You know tange, we all wear a mask,which is a good thing at times but only on condition we don't wear it so well we forget how to let it down every once in awhile for others to see YOUR human too
There's always the one, more so then others
Have you perhaps considered that everything in life is perfect ? and that you perhaps had to experience what you are experiencing?
There is a beautiful little book called "the prophet" by Kahlil Gibrhan (something you could read sitting on the toilet in one session)and it is not about religion but about the polarities of life. Try and read it sometime. I know when we hurt, we cannot see the perfection in a situation and our hearts are filled with pain and loneliness and we ask ourselves...how the hell can that be perfect ? It is only with time, that we can look back and see the perfection. Sometimes people do us a favor by piddling on our batteries.

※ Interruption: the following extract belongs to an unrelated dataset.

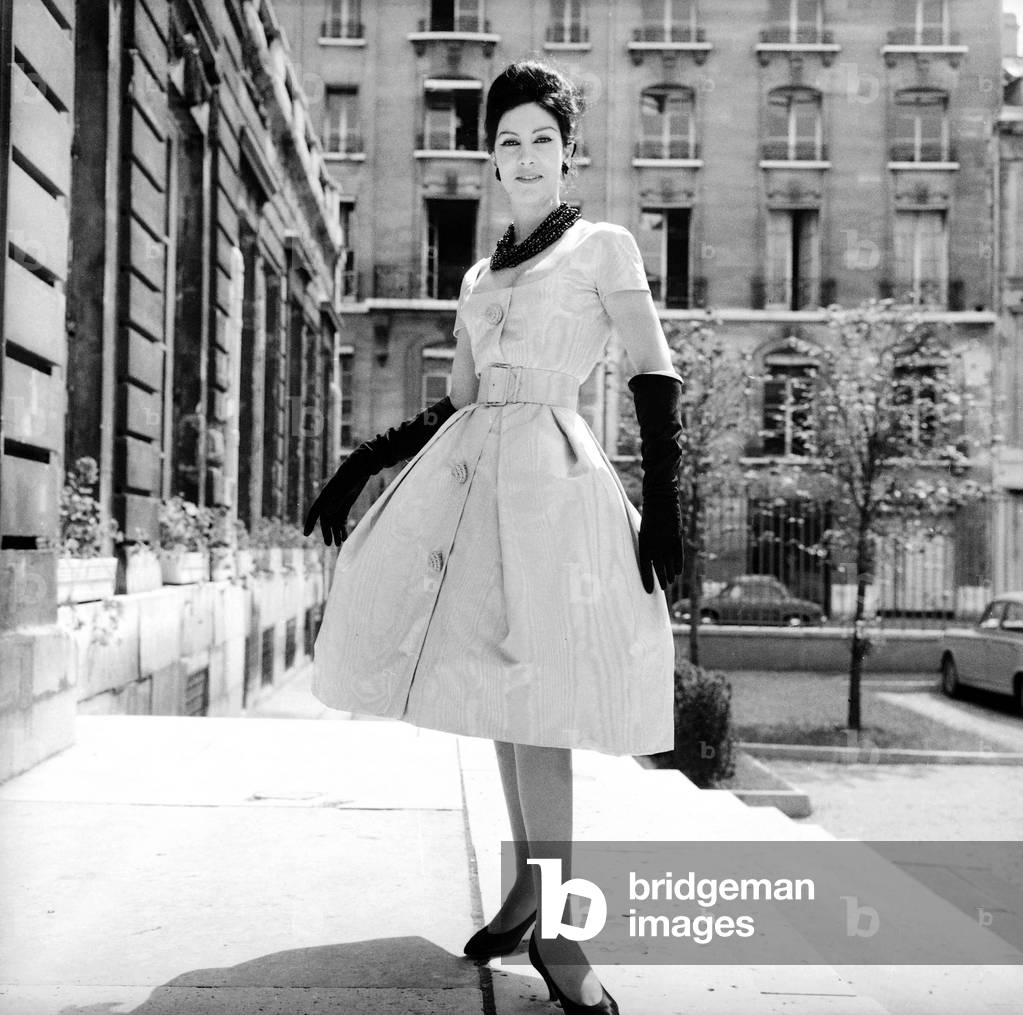 Haute Couture By Maggy Rouff For Autumn Winter 1958 - 1959 Presented in August 1958, France :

I sense you are a strong person under all the emotional pain but do yourself a favour and don't try and give up everything all at once. And try and get to the gym...it saved my life. "When the night is at it's darkest, the dawn is at it's closest" There are many awesome people out there and we just have to give them a chance in life.....we are so quick to write off people because they do not fit our preconceived idea of what an awesome human being would be.
Take care Tangerino and I send you a big South African hug
May you find the comfort that you seek, and the peace that surpasses all understanding. For you are a person of great value and worth, who is worthy of love and respect.